His business ventures and board memberships add to blacks' perception that he belongs to an elitist, nearly all-white boys' club.
Kearney doesn't live on that street. His businesses operate near the main artery of all-black Avondale -- within earshot of gunshots and a ho' stroll from crack deals and bodegas.
With his wife and daughter, he lives within walking distance of their shared office space and not in the nouveau riche colored sections of West Chester or Anderson Township. He alternates between a bumper-stickered 1985 Chrysler LeBaron and a 1986 Honda Accord.
"They think I belong to the Club of the Business Elite," says the 1993 Charter Committee candidate for city council. "The perception and reality is completely incongruous. Trust me, they're not inviting me to their house for cocktails and my kids aren't hanging out with their kids.

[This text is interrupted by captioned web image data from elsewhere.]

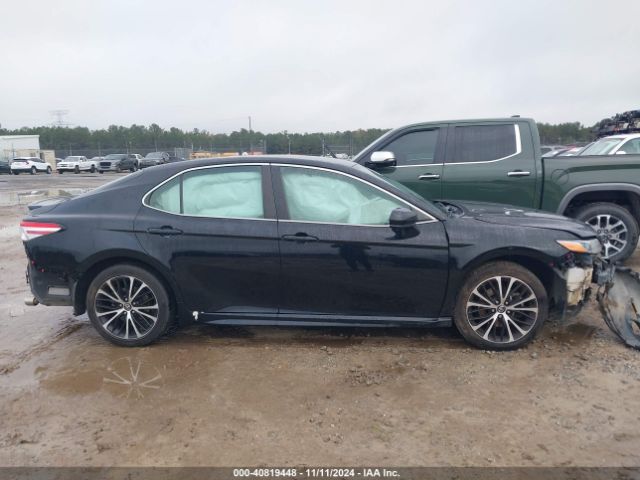 4T1G11AK4LU347860 Toyota CAMRY SE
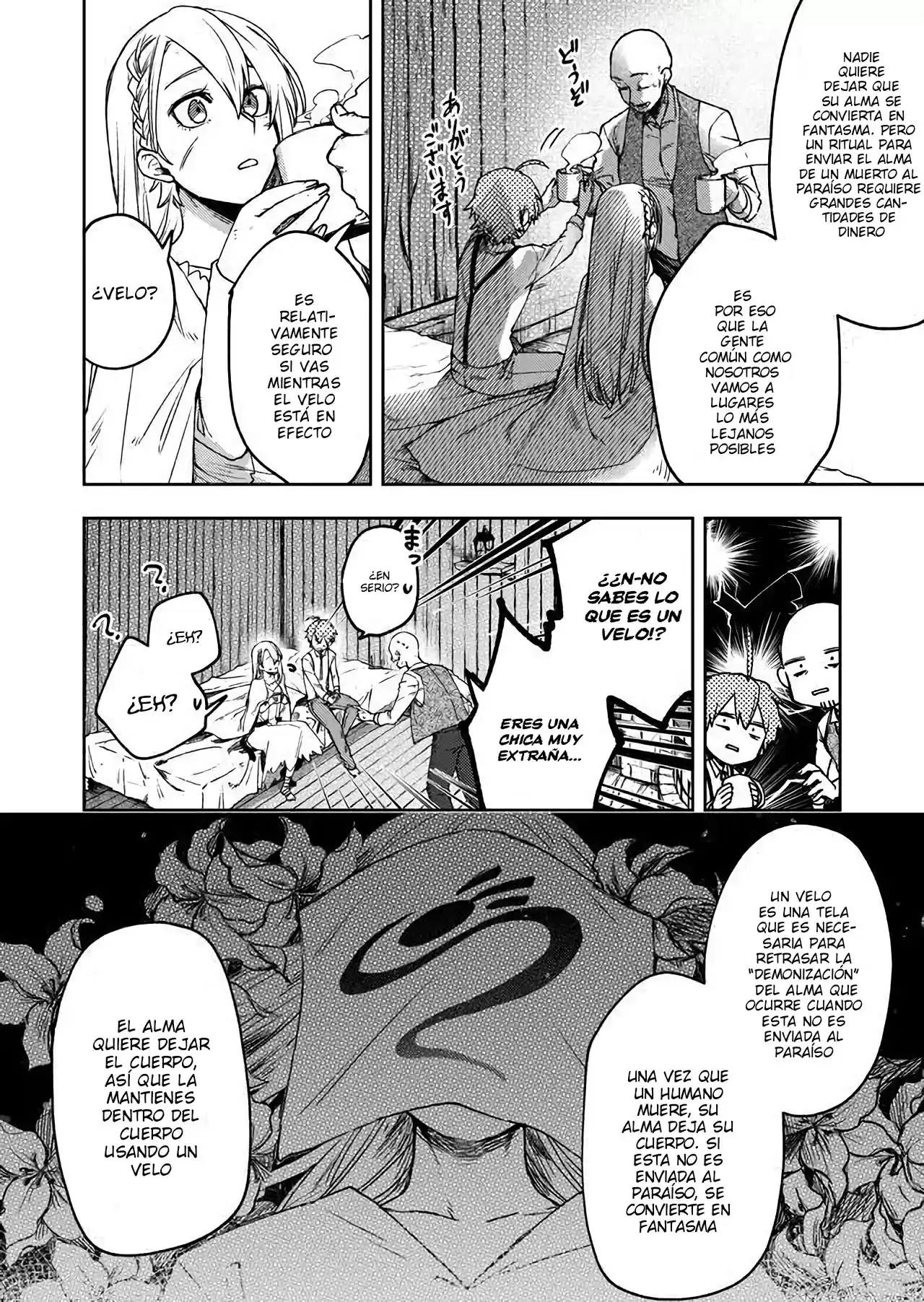Fushi No Sougishi - Capítulo 4 - Página 9 - LectorTMOo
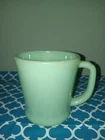 Vintage Fire King Jadeite D Handle Mug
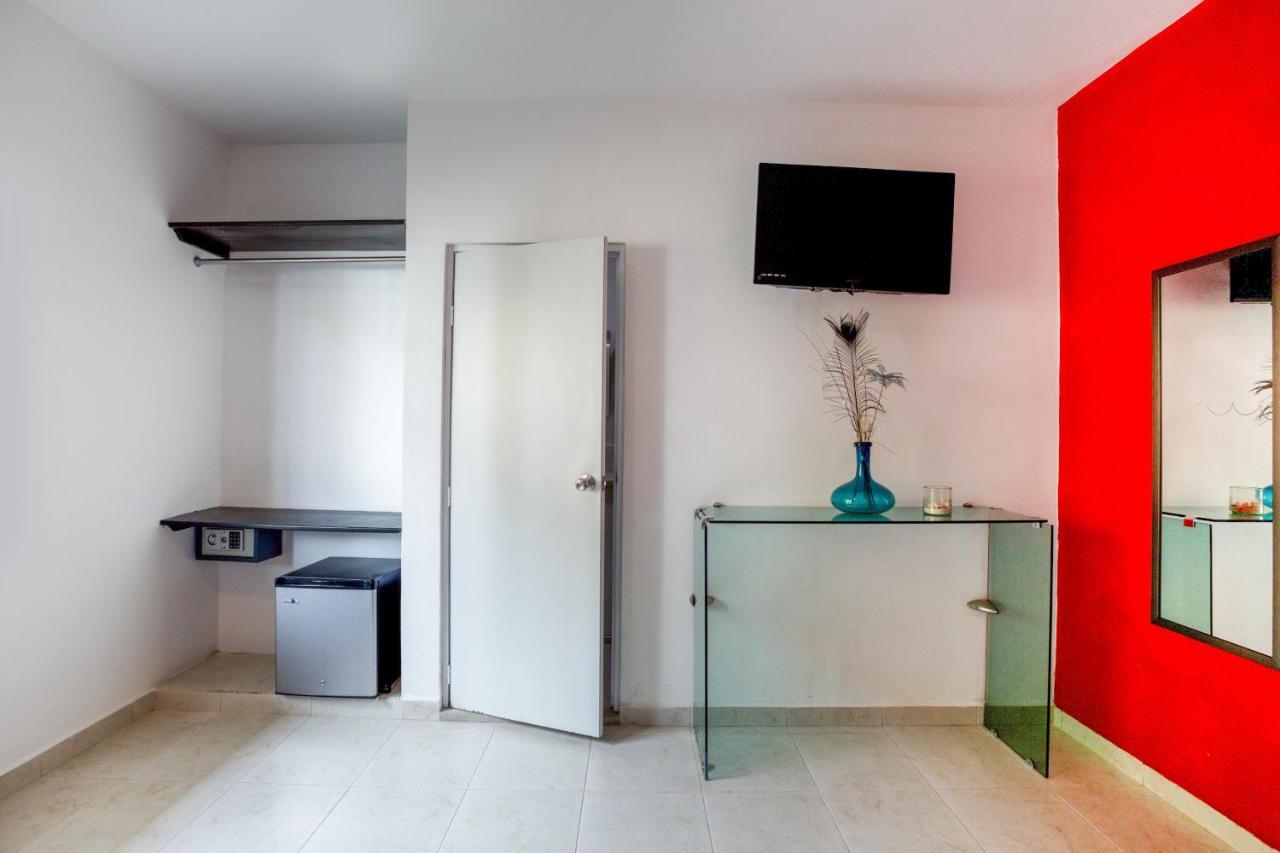 Quinta Santa Anita Hotell Playa del Carmen Eksteriør bilde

"I know what the business elite looks like. I could call some of the names. I've been invited once or twice, but I see how big the gap is between black wealth and white wealth. I know in my lifetime I won't be as wealthy as my white peers."
Class, then, is also a tentacle squirming from the black nerds' afro.
Unlike the class of bourgeois blacks who assimilate and then disappear into white corporations and neighborhoods, black nerds answer the pull to bring other blacks along.
"My dad always wanted me to go into business for myself," Kearney says. "He was on my ass about studying and acting right. There was a big emphasis in my house to help the black community, joining organizations to help the black cause. Also, there was an emphasis about not bragging or talking about what you do, being low-key."
Kearney was the only black nerd reticent about answering questions for this story.
"In a way, that really hurts me because I don't talk about what I do," he says.
Cool like dat
Artist Joe Bailey revels in black nerdiness as the antidote to stifling black stereotypes.
"Black men always gotta be shooting somebody or pimping women, always angry or uptight," he says.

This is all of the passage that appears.